Trigger Point Injections FAQ’s

Trigger Point Injections have become a popular treatment option for those with pain, numbness, muscle tenderness and decreased range of motion. I have seen great success with the use of Trigger Point Injections to help patients recover more quickly and improve healing outcomes. If you’re interested in learning more about this treatment option, continue reading as I answer some of the most frequently asked questions.

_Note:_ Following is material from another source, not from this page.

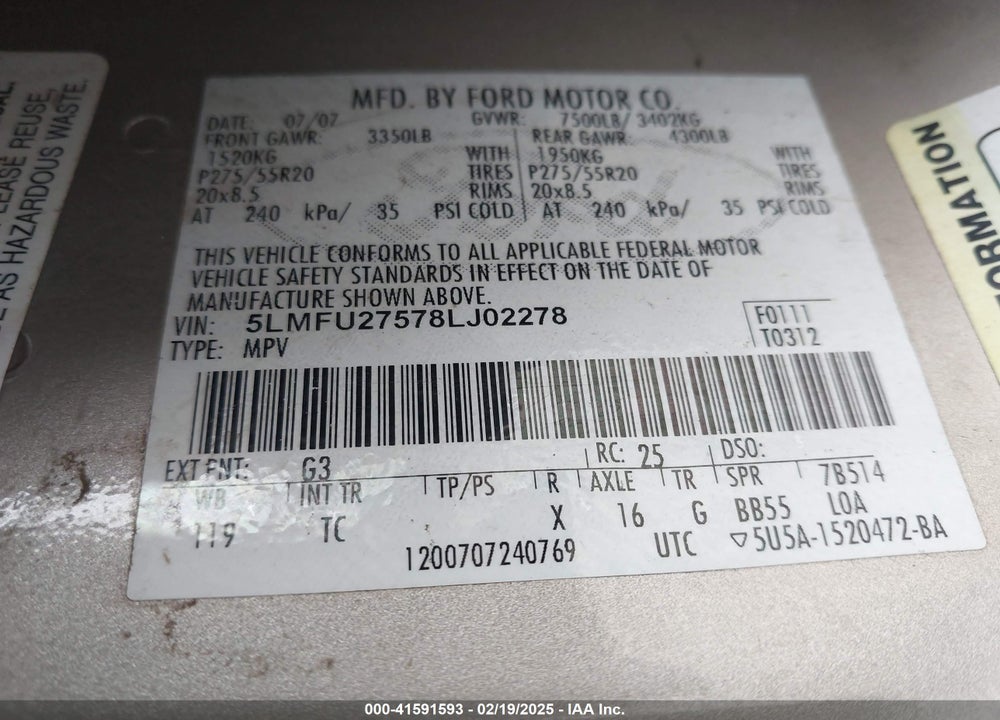 2008 LINCOLN NAVIGATOR VIN: 5LMFU27578LJ02278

What is a Trigger Point?Trigger Point Injections

Trigger points, also known as “muscle knots” or “myofascial muscle pain” commonly occur in the neck and back. They can also occur in other muscles including those in the shoulders, arms, legs, and buttocks. They are hypersensitive, contracted muscles that cause a person pain and tenderness. Trigger points often form as the result of overuse or an injury. Sometimes trigger points can cause something called referred pain. This occurs when the taut muscle fibers compress or irritate a nerve causing pain in other regions of the body.

 

What is a Trigger Point Injection? What medications may be used in a Trigger Point Injection?

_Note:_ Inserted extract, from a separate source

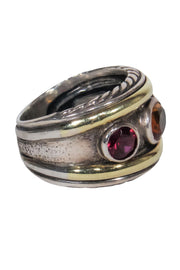 Current Boutique-David Yurman - Sterling Silver Thick Band Ring w/ Red & Orange Stones Sz 10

A Trigger Point Injection (TPI) is a procedure in which a needle is inserted into the painful trigger point to help break up the taut muscle fibers that have caused the trigger point to occur. Medications used in a TPI procedure usually include lidocaine and bupivacaine, which are both local anesthetics. These medications help to provide a numbing sensation to the injected region and provide pain relief for a short time. It is the needling procedure that actually helps to break up and alleviate the myofascial muscle pain over time, though. Corticosteroids are not used in TPI’s at Team Health Care Clinic.

 

When/why is a Trigger Point Injection used?

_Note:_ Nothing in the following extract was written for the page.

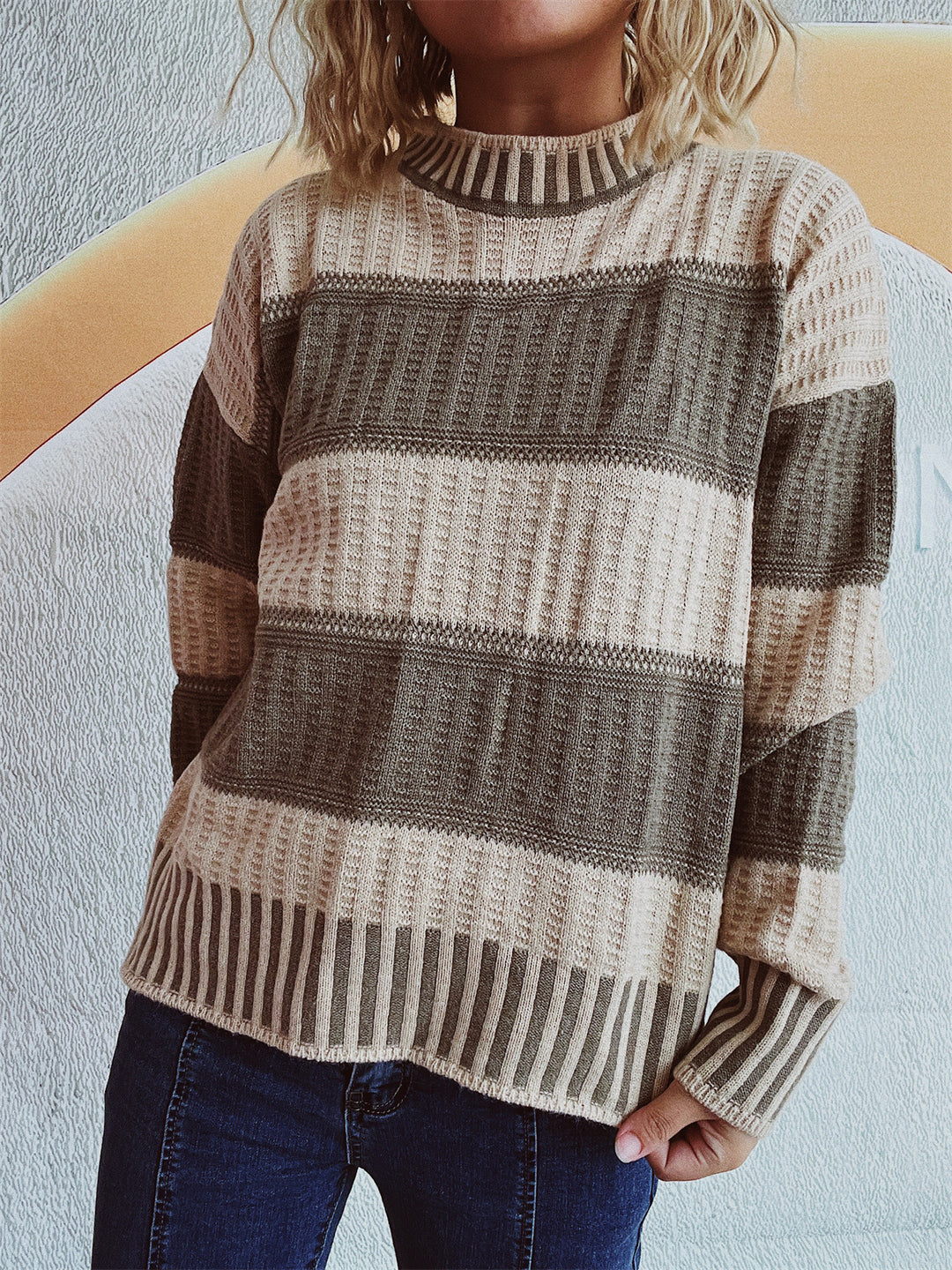 Damen lässiger Strickpullover mit modernem Streifenmuster und warmem Material Heidi-Mode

Trigger Point Injections are most often used in conjunction with physical therapy (PT) or massage therapy. Trigger Point Injections are usually performed prior to PT or massage therapy because we have found that the combination of these therapies allows us to work as a team to provide our patients with a better outcome from their myofascial muscle pain. After a Trigger Point Injection has been administered, the taut muscle fibers begin to break apart, then muscle work performed in either PT or massage helps to loosen the painful “knots” even more, giving our patients greater relief of pain.

 

What is the benefit to the patient?

There are a number of benefits that patients can achieve from TPI’s. Trigger Point Injections can help to alleviate pain by relaxing tight muscles, improve flexibility, improve range of motion, alleviate stiffness and weakness from the affected muscle, and alleviate referred pain.

 

What are complications and side effects of Trigger Point Injections?

The most common side effects of Trigger Point Injections include a “pinching” pain during the injection, numbness at the injection site for a few hours from the local anesthetic, mild bruising, and increased soreness for the first 24 to 48 hours. The soreness should then subside and benefit from the injection should be noticed after that time period. It is important to stay well hydrated prior to and for the first 24 hours after your Trigger Point Injection.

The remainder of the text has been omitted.